真正與晚報結緣是在6年以後。1988年春天,我心血來潮寫了一篇稿件,通過輪船公司宣傳部的朋友向晚報投稿,未獲錄用。朋友說人家叫你多看看他們的報紙,我於是從當年4月1日開始訂閱《新民晚報》。上海人都講究看當天的晚報,趙長天先生說“晚報一隔夜,就像隔夜的飯菜,味道就不對了。”我們船上的廣播員每週到公司取一趟報紙,我所看到的晚報都是一週前的“週報”,一拿就是七八張,雖然是明日黃花,但我照樣看得津津有味。開船後,別的船員打牌、下棋、看電視,我的主要活動就是看報紙,每天照例先看文體新聞,再看社會新聞、國際新聞,最後讀《夜光杯》,看報成爲我業餘生活第一樂事。

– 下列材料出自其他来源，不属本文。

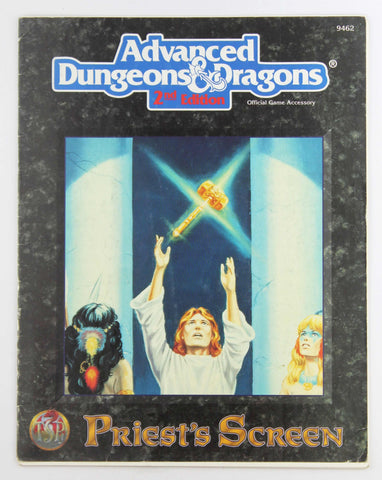 Priest's Screen/Screen and Reference Material (Advanced Dungeons & Dragons, 2nd Edition), by Cook, David  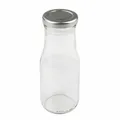 Dr. Oetker Smoothie Flasche 250 ml, Liebevoll Hausgemacht, Glasflasche, Silbern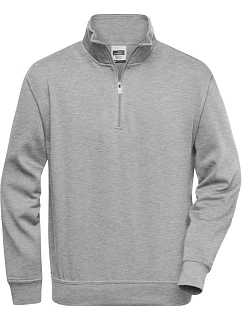 Daiber JN 831 Pracovní mikina s 1/4 zipem 02.0831 grey heather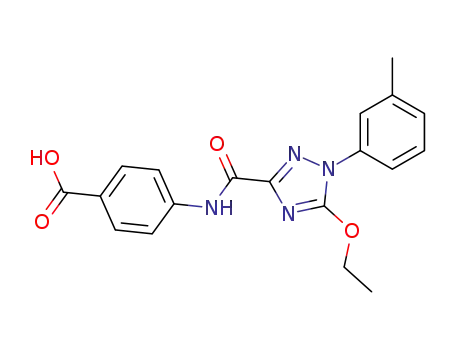 Molecular Structure of 62846-97-3 (Benzoic acid,
4-[[[5-ethoxy-1-(3-methylphenyl)-1H-1,2,4-triazol-3-yl]carbonyl]amino]-)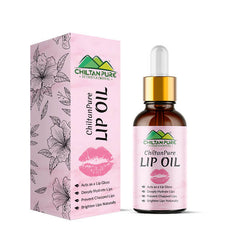 Lip Oil – Best For Chronically Dry & Chapped Lips, Makes Lips Look Shiny & Lustrous, Moisturizes All Day Long, Fragrance Free - ChiltanPure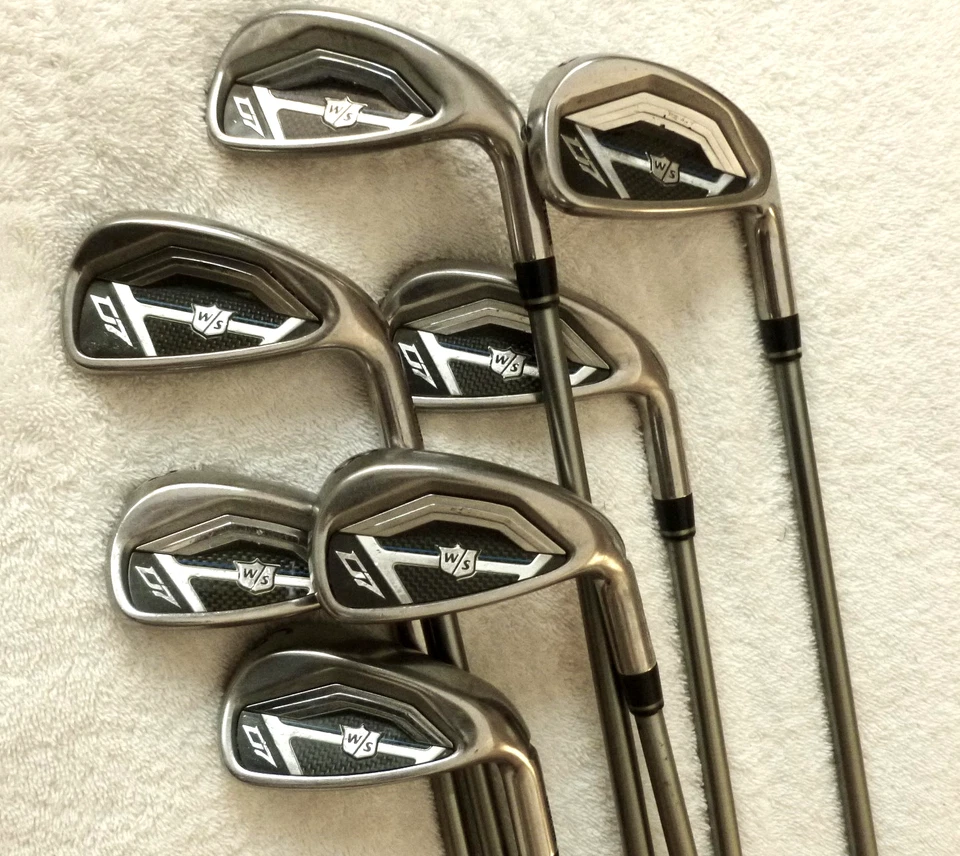 Wilson Staff D7 5-PW+GW Iron Set Graphite UST Mamiya Recoil 460 Regular Flex - Image 2 of 4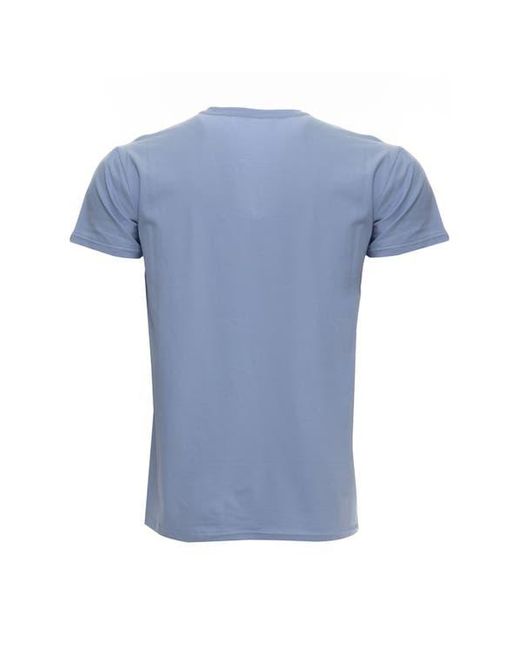 Xray Jeans Blue V-Neck Flex T-Shirt for men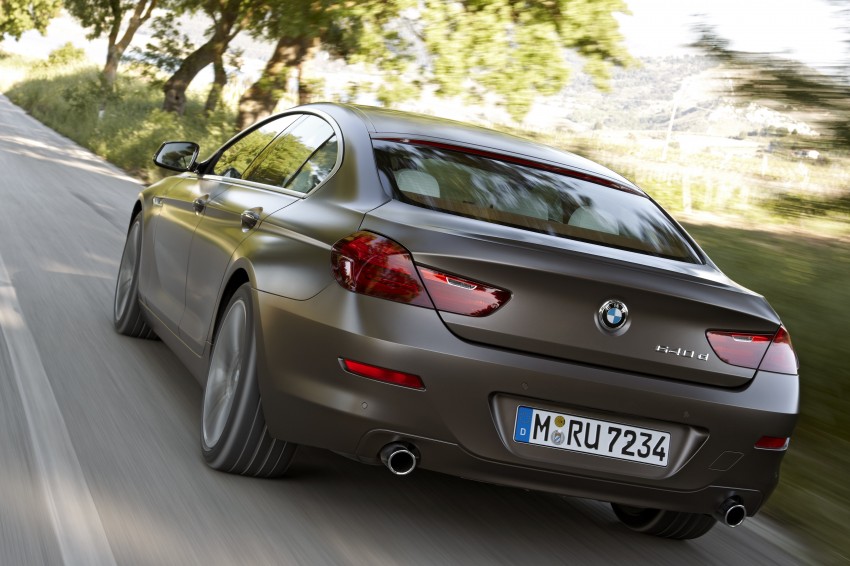 BMW officially reveals the 4-door  6-Series Gran Coupe 106234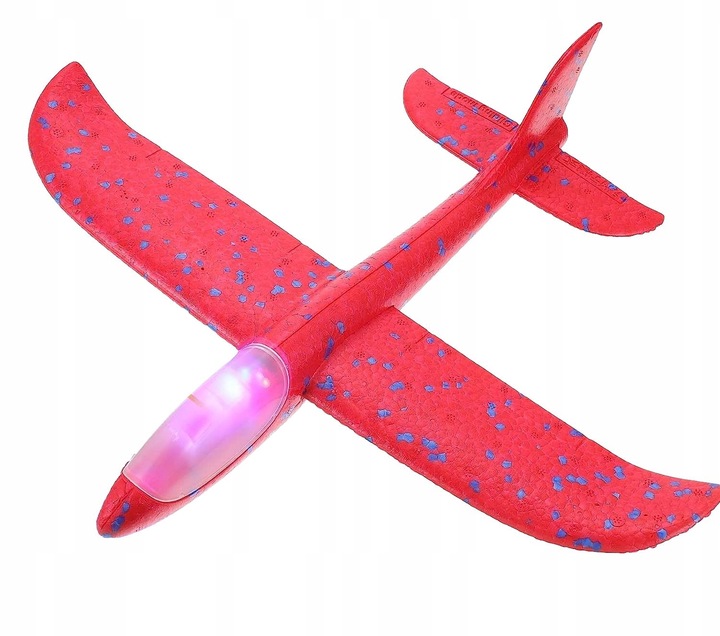 PISTOLET WYRZUTNIA SAMOLOTÓW ZE ŚWIATŁEM RZUTKA samolot LED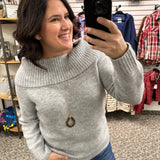 Grey Marilyn Sweater Top - Sweater RD International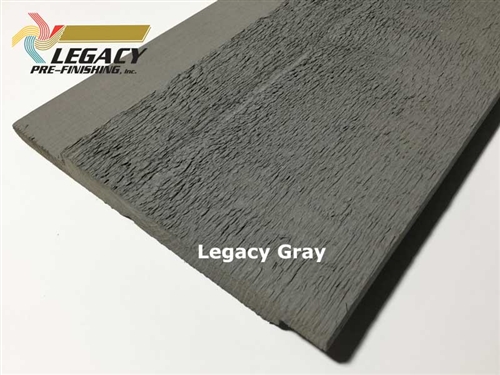 Prefinished Cedar Channel Rustic Siding - Legacy Gray Stain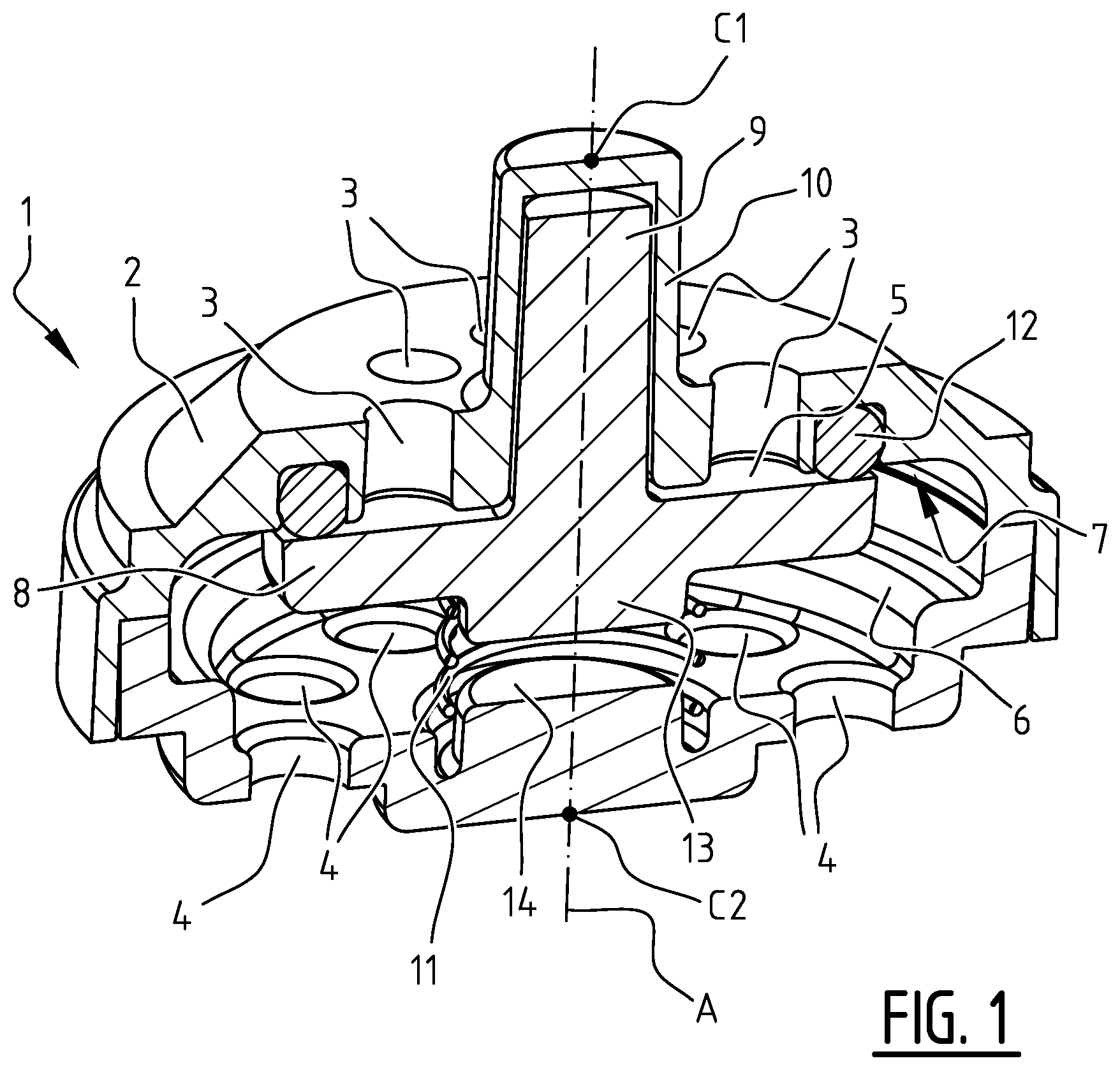 Patent US12320436 — Check valve — Figure 1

2000年底公司關門停業,我提前退休回鄉。2001年起我在泰州市口岸郵局續訂《新民晚報》,看到的是隔兩天的報紙。從鄉郵員手裏接過報紙,捧在手裏又有了另一番滋味。
我從1963年到上海讀書,在上海生活了三十七年,上海成了我的第二故鄉,晚報的各個版面成了我與上海溝通的窗口,攤開《新民晚報》,一字一句品味着第二故鄉的氣味。我把報上的一些精彩文章、有參考價值的資料剪下來,分門別類粘貼成冊,我的剪報已有32本,堆起來比桌子還高,不僅自己和家人常常翻看,左鄰右舍也常來借閱。文章剪多了、看多了,自己也就手癢起來,並在1993年11月22日的《夜光杯》上發表了我的第一篇習作《我跟妻子學種田》,以後幾年又陸續發表了一些文章。退休回鄉後,我與晚報編輯已經失去了聯繫,但我先後在《江蘇工人報》《泰州日報》《泰州晚報》上發表了兩百多篇文章,並於2010年春天由文匯出版社出版了第一本散文集,第二本書也在積極籌劃中。
結緣《新民晚報》是我人生一大幸事,她讓我受益無窮,在我有生之年中,我將永遠做《新民晚報》的忠實讀者和鐵桿粉絲。